Dudes Who Read
A few of us remain.
First, apologies for my absence from this space last week. I was leading a canoe trip in the Boundary Waters Canoe Area Wilderness, which I’ve done annually since 2012. This group consisted of students from Fuller Seminary’s Doctor of Ministry program. The trip was great: excellent weather, good people, and we beat the big bug hatch and fire ban by a day.
We talked a lot about books, of course, because this was class, and the students each had to give an oral presentation and lead a discussion on one of the books from the syllabus. Which usually leads to talk of other books, etc.
The stats on reading books are not great these day. Here’s one fairly depressing graph:
And the numbers are even worse among men:
Every year, more books are published (exacerbated by the explosion of self-publishing, 4.2 million books were published last year, which is 15X more titles that in 2005,) and fewer books are read. That’s not great news for an author, and it explains why I’ve struggled to land a literary agent for my fiction.
But this isn’t a bad news post. This is a good news post.
Because I realized this week that I have a handful of guy friends with whom I talk about books regularly. Tim and I take a weekly dog walk, and conversation about what books we’re reading is inevitably part of our journey. Nate texts me book recommendations regularly and has even shipped some used books to me from Texas. And there’s Silas and Bryan and Ryan and Ryan. And I could go on. I’ve probably got a dozen dudes with whom I share book recommendations.

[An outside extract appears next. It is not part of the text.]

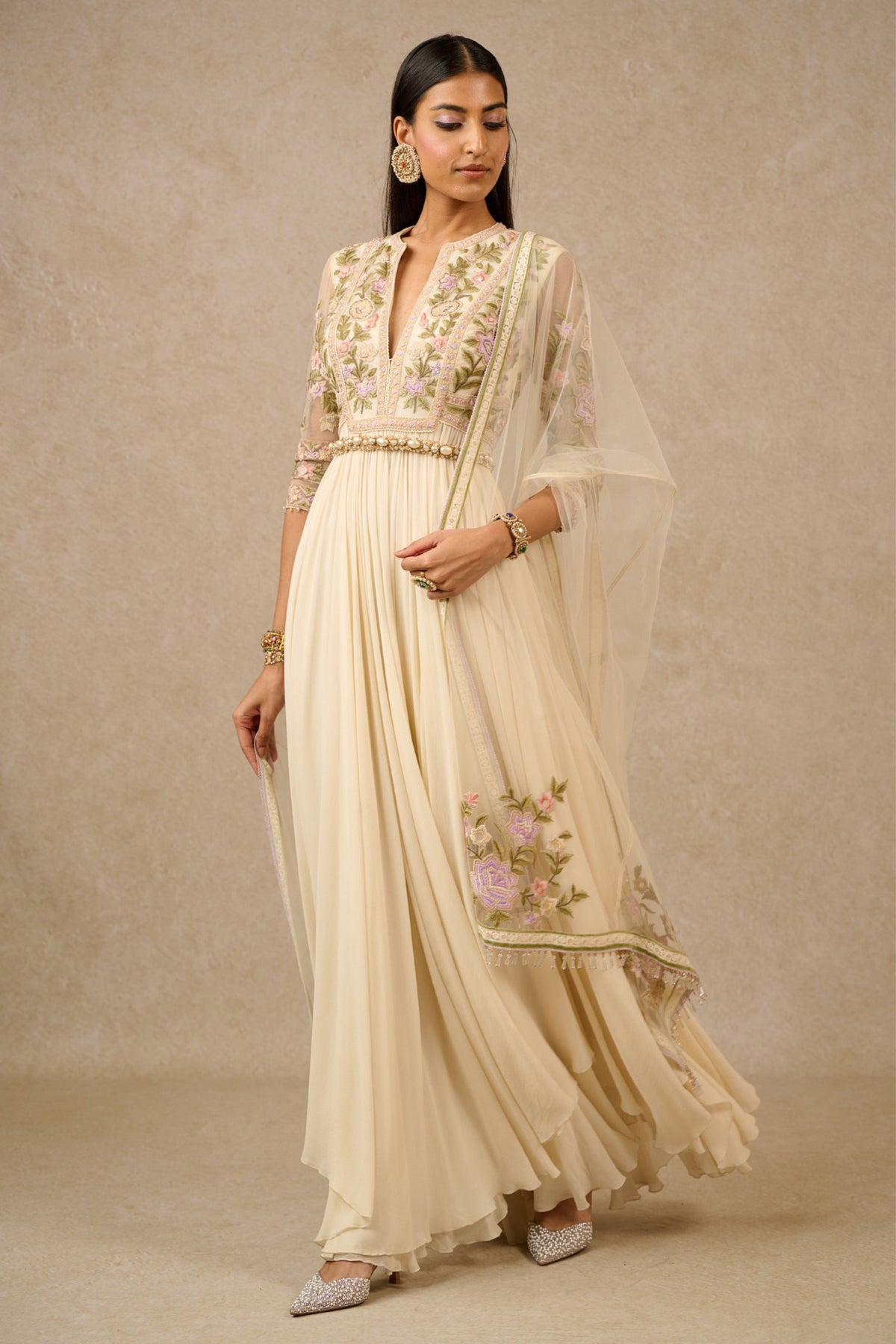 Ivory Georgette Anarkali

Many days, when I sit down at my computer at 5am and start writing, I experience a whiff of existential crisis. Why am I producing something that fewer people want each year? A product that has decreasing demand and increasing supply? Some of it is protest, because I believe that a book is able to do something that no other medium can do — not a movie or a Substack post or a short story or a sermon. A novel can tell a story with nuance and complexity over time. It can reveal the inner thoughts of a character. It can set a scene and advance a plot and confuse and confound a reader, then resolve a conflict in ways that are satisfying or hilarious or heartbreaking.
The other reason I write is because it’s one of the few things I’m good at. I’ve tweeted and podcasted and preached. I’ve shot a pilot for a TV show (password: tony) and pitched it. I’ve applied for jobs, some of which I’ve gotten, some of which I haven’t.
But from the time I sat down with a Gateway laptop computer on a folding card table in 1999 and typed the first sentence of Postmodern Youth Ministry, my first book, I felt at home in that pursuit. Alone and reliant on no one, writing for me is a welcoming place, a place of both challenge and comfort.
It’s headspinning to me that over the last decade, in addition to my final nonfiction book, I have written five-and-a-half novels. This is not to brag, trust me. Instead, I have to convince myself that I haven’t been wasting my time in some frivolous pursuit, chasing the dream of being a novelist. Every rejection by a literary agent, which come at a rate of at least three per week, is a humbling reality check. Nevertheless, I persist. And part of the reason I do is because of the aforementioned Dudes Who Read. They give me hope and a goal, and some of them have been kind enough to read my drafts and give me feedback.
So I’m going to start putting them out, to let some other dudes read them. (And maybe even some women.) The first one will be published this summer:
If you know a Dude Who Reads, give him a hug. Buy him a book. And don’t let him go extinct.






I will totally buy this book and give one to all my dude readers. Hugs!
Hi Tony - Thank you for the post. Wondering if you would be willing to recommend 5 books that you have read in the past couple of years that were meaningful to you?